Além da publicidade, outra possibilidade clara – embora esporádica – para os artistas pernambucanos é o cinema. “De alguma forma, a ponte entre o cinema e o teatro sempre existiu, mas agora está muito mais clara. Mas só temos três, quatro produções longas-metragens por ano, então geralmente não dá para viver só de cinema”, explica o produtor de elenco Rutílio Oliveira, que trabalhou ainda mais de perto com atores de teatro nas gravações do longa Tatuagem, primeiro de Hilton Lacerda. “O universo do filme era o teatro, então o elenco tinha mesmo muitas pessoas do teatro. Mas as produções normalmente agregam esses profissionais. É uma realidade que serve inclusive como aprendizado”, avalia. Para o produtor, uma das opções para preparar melhor os profissionais que vão trabalhar com cinema – e aí essa realidade nem é específica para atores – é levar estudantes ao set de filmagem. “As pessoas fazem um curso de cinema e não sabem bem o que é um set”, diz.
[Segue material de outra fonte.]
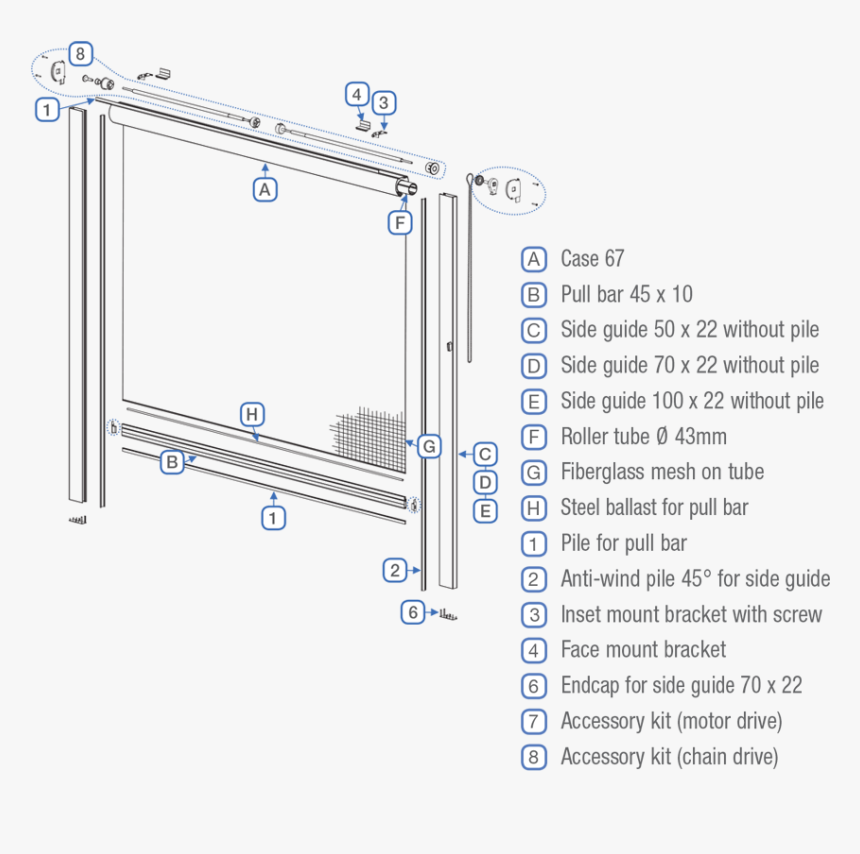 Vertical Roller Chains Guides, HD Png Download, Free Download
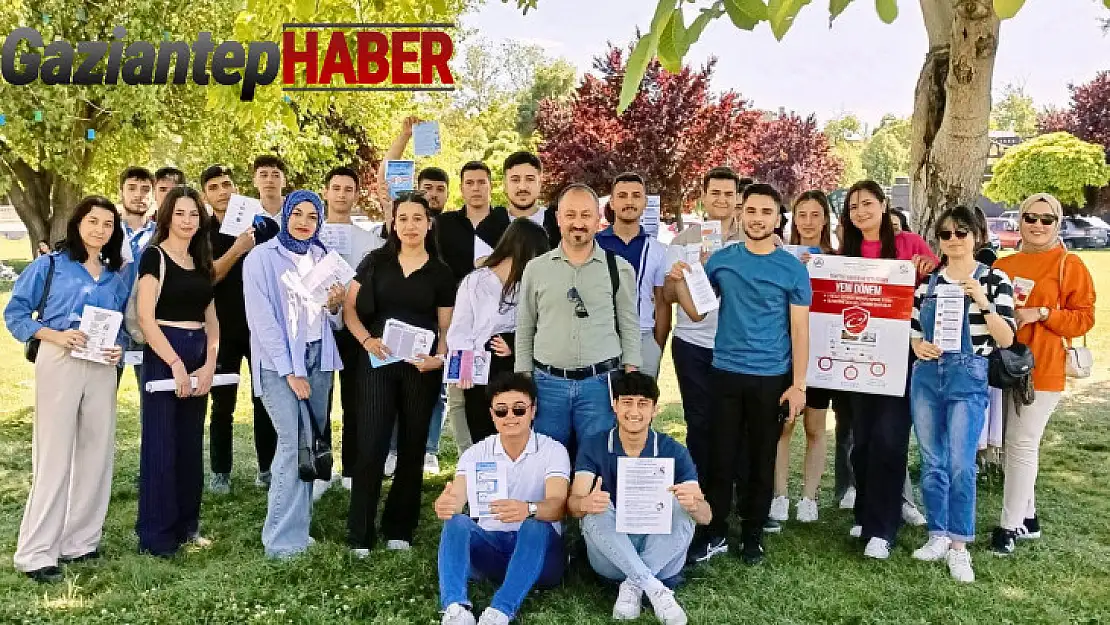 GAÜN öğrencileri tüketici hakları için sahaya indi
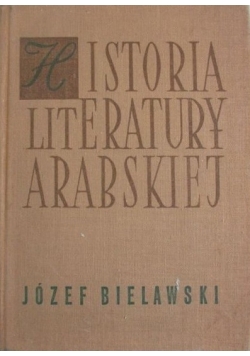 Historia literatury arabskiej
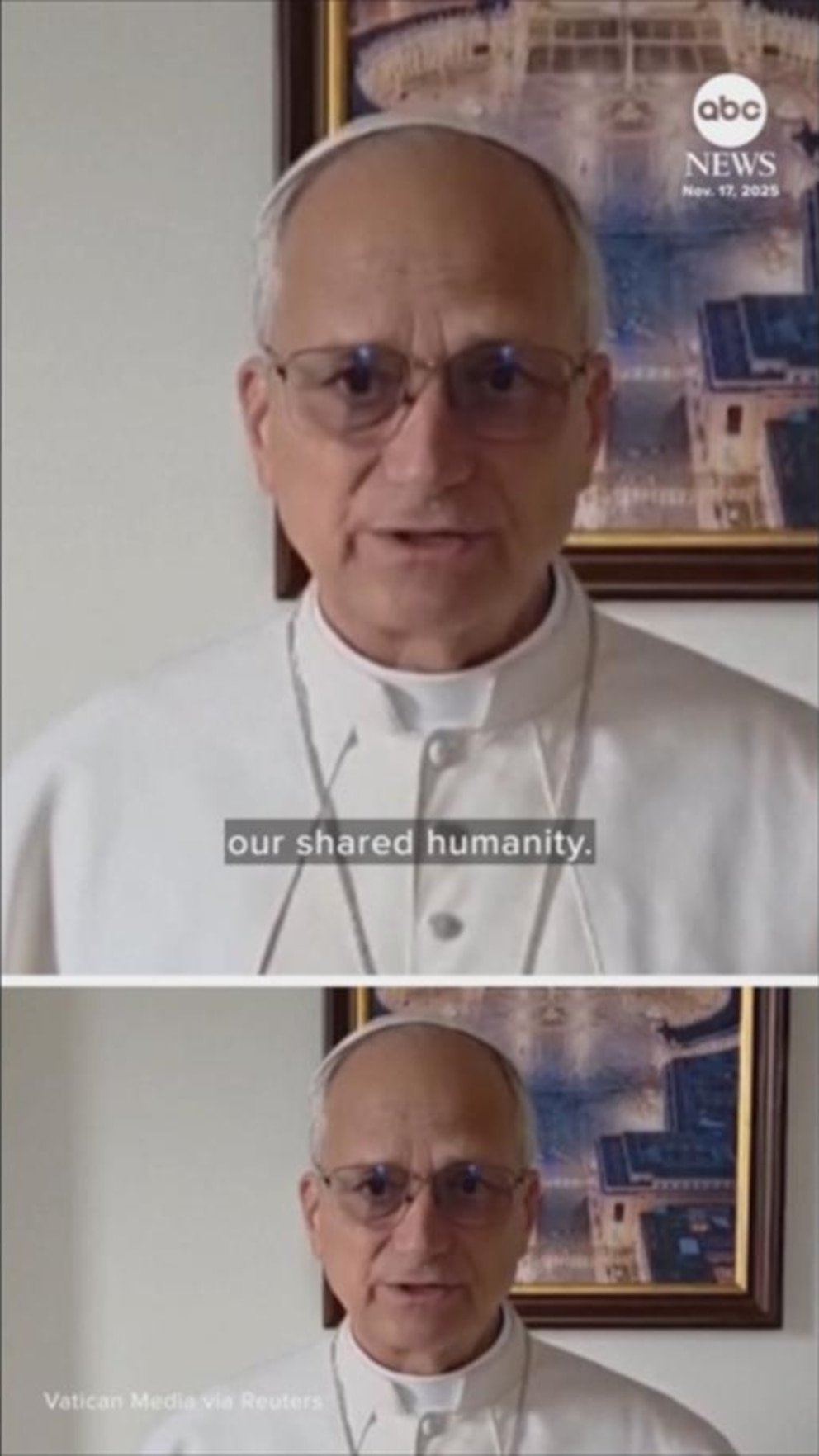 Video El Papa León llama a los líderes mundiales a tomar medidas climáticas urgentes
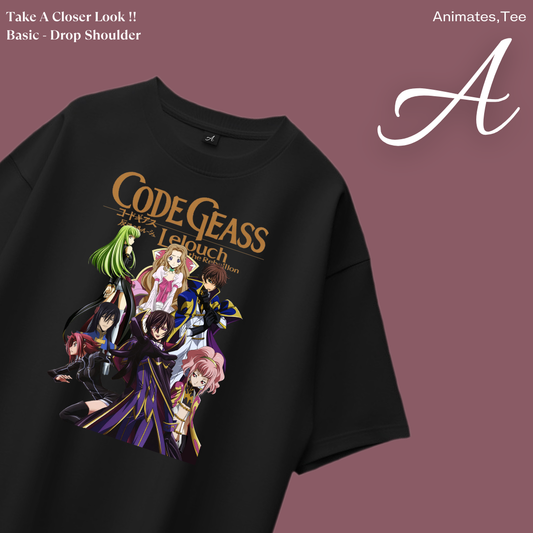 Code Geass x Tee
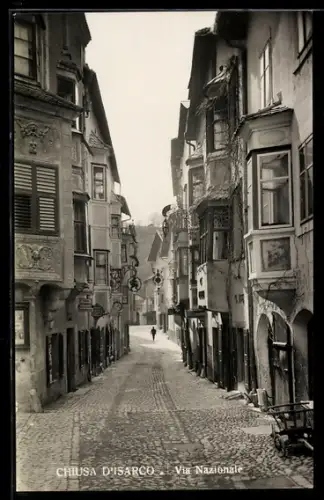 AK Chiusa D`Isarco, Via Roma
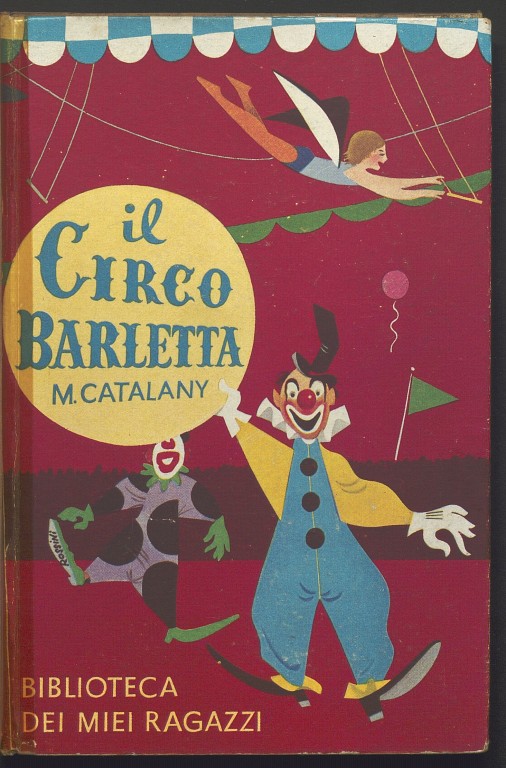 copertina di Il circo Barletta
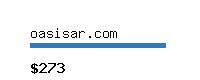 oasisar.com Website value calculator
Emprego, no entanto, não é o único problema para aqueles que se dedicam às artes cênicas. Para Paula de Renor, é preciso primeiro haver formação de plateia – já que durante os festivais o público é incentivado pela divulgação, pela quantidade de atrações, e comparece aos teatros, mas essa nem sempre é a realidade, quando as produções locais entram em temporada. “Precisamos de boas casas de espetáculos, com equipamentos adequados, para que a qualidade técnica dos espetáculos melhore; precisamos de um curso superior de artes cênicas. Como não temos, as pessoas acham que podem aprender no palco, com o tempo, e pelo contrário, o tempo só solidifica vícios, erros”, diz. Paula explica que a existência de um curso superior, pleito antigo dos artistas da cidade (já que o curso disponível na Universidade Federal de Pernambuco forma arte-educadores), está no centro da questão sobre a engrenagem das artes cênicas em Pernambuco. “Quando existe uma escola superior, existe efervescência, público e vamos construindo um mercado e a independência do dinheiro público. Vira negócio, mercado e aí começam a surgir empregos para toda a cadeia”, avalia.
Pedro Vilela, por outro lado, acredita que os artistas precisam se organizar para conseguir melhorias para a classe e, consequentemente, para o público, que poderá acompanhar nos palcos as mudanças. “A grande luta de todos os coletivos, em todo o Brasil, em tentar emplacar leis de fomento que dêem conta de suas produções locais e que abarquem a manutenção dos coletivos teatrais. No Brasil, podemos dizer que São Paulo é o local mais avançado nessa questão”.